Pursuant to the requirement set forth in Rule 13a-14(b) of the Securities Exchange Act of 1934, as amended (the

“Exchange Act”), and Section 1350 of Chapter 63 of Title 18 of the United States Code (18 U.S.C. §1350), Douglas
Manion, President and Chief Executive Officer of Aclaris Therapeutics, Inc. (the “Company”), and Kevin Balthaser, Chief
Financial Officer of the Company, each hereby certifies that, to the best of his knowledge:

1. The Company’s Annual Report on Form 10-K for the period ended December 31, 2022 (the “Annual Report”),
to which this Certification is attached as Exhibit 32.1, fully complies with the requirements of Section 13(a) or
Section 15(d) of the Exchange Act, and

2. The information contained in the Annual Report fairly presents, in all material respects, the financial condition
of the Company as of the end of the period covered by the Annual Report and results of operations of the
Company for the periods covered by the Annual Report.

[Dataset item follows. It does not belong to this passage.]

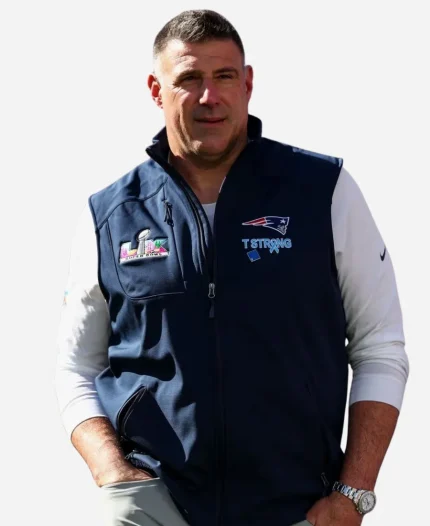 Mike Vrabel Patriots Super Bowl T Strong Vest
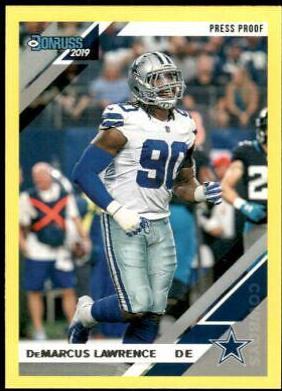 DeMarcus Lawrence [Yellow Press Proof] #76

In Witness Whereof, the undersigned have set their hands hereto as of the 23rd day of February 2023.

/s/ Douglas Manion
Douglas Manion
President & Chief Executive Officer

/s/ Kevin Balthaser
Kevin Balthaser
Chief Financial Officer

*  This certification accompanies the Form 10-K to which it relates, is not deemed filed with the Securities and Exchange
Commission and is not to be incorporated by reference into any filing of the Company under the Securities Act of 1933,
as amended, or the Exchange Act (whether made before or after the date of the Form 10-K), irrespective of any general
incorporation language contained in such filing.